Here’s that code in action, right here: Red dot

Why this is better:

  • Same benefits as before, no need for extra icon files
  • No extra CPU load from loading WordPress to get that icon file
  • No extra HTTP requests at all, in fact, since the data for the tiny icon is contained right there in the code

Disadvantage:

  • Doesn’t work in IE7. You can work around this by detecting IE7 and serving up the image separately, if you really want. Or you can just ignore it like most people do. Seriously. IE7 is insecure (link, link) and nobody should be using it, anywhere. WordPress itself will probably drop IE7 support in the admin in the next couple of versions.

So use Data URIs for small images (under 32KB in size). They’re fast and easy. They’re an idea whose time has come.

Shortlink:

7 Comments

  1. This method is most popular for mobile sites where IE7 isn’t even an issue. For viewing on a desktop, I prefer image sprites.

    • The problem I have with image sprites is that the whole thing is a sort of “hack”. It requires a specially crafted image along with CSS positioning weirdness to make it work. I grant you that it is a helpful technique, but it’s not exactly “pure” in my view. We shouldn’t have to resort to workarounds to make things faster or more efficient.

      That said, image sprites are handy and can be very useful if you’re trying to reduce http requests for a site.

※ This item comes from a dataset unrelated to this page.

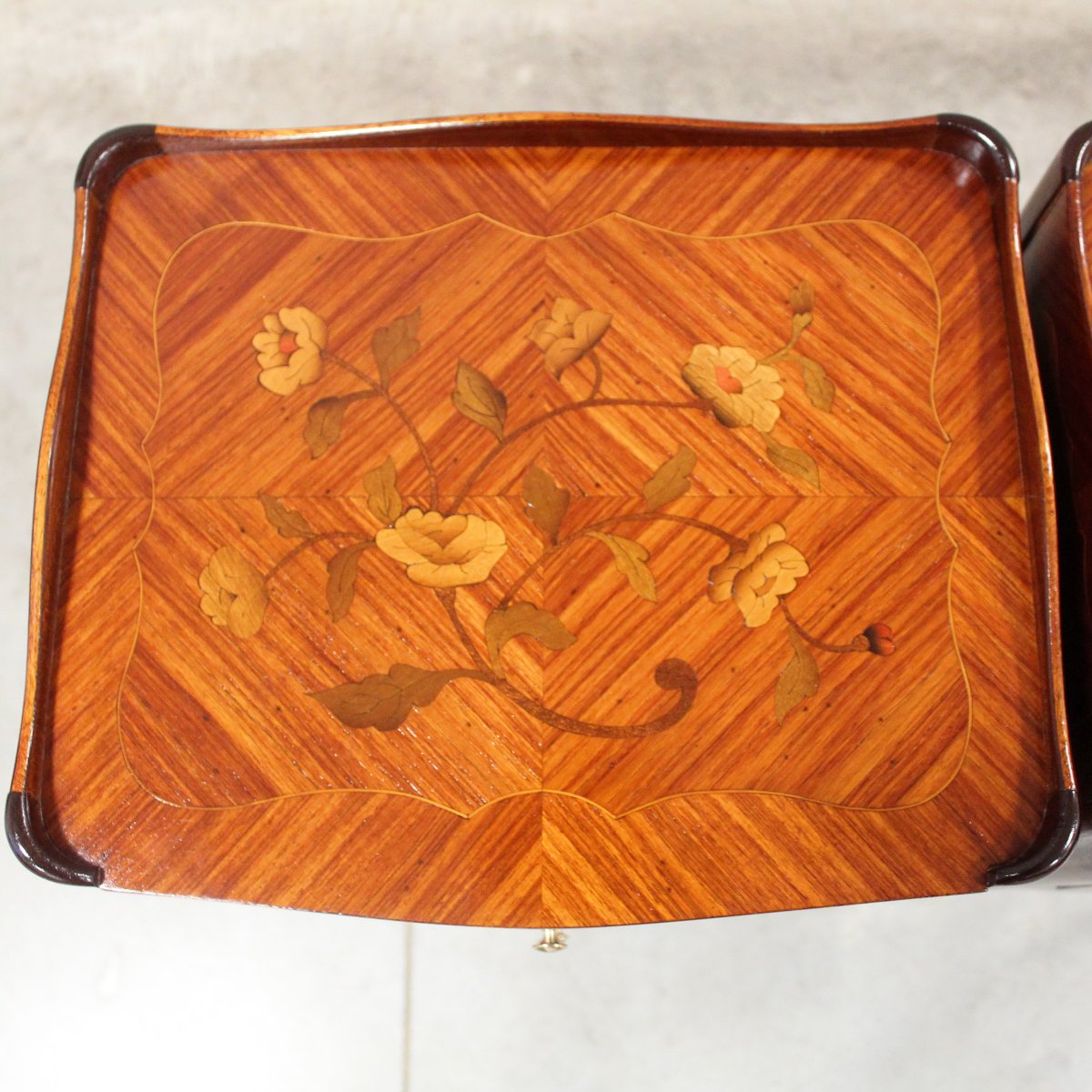 Antique Pair Of Napoleon III Bedsides Nightstands Tables In Marquetry-photo-4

  2. I’ve been watching data URIs for awhile and I’m still not 100% where the trade off lines are. One of the downsides to base64 encoding for instance is that it increases the size by roughly 33%. But then you have to wonder how much HTTP compression would make up for that. I wonder if anyone has done serious testing and benchmarks around this.

    • Yeah, this mainly makes sense for smaller images where the overhead of setting up the extra HTTP connection isn’t worth it. For the specific cases I’ve seen in plugins doing this sort of thing, these images are tiny. Few hundred bytes.

      One disadvantage to the data uri scheme is that you don’t gain any browser caching benefits. You’re always sending this data with the page. But for a couple hundred bytes, it doesn’t make a heck of a lot of difference. For a few K or more, it might.

  3. Otto,

    If someone was to do this for their wordpress theme option page and then get it listed on wordpress.org it would get rejected right?

    • No, shouldn’t be. It doesn’t violate any of the normal checks. Should go through just fine. Might get some feedback if the reviewer is unaware of the data URI scheme, but it’d be fine, I think.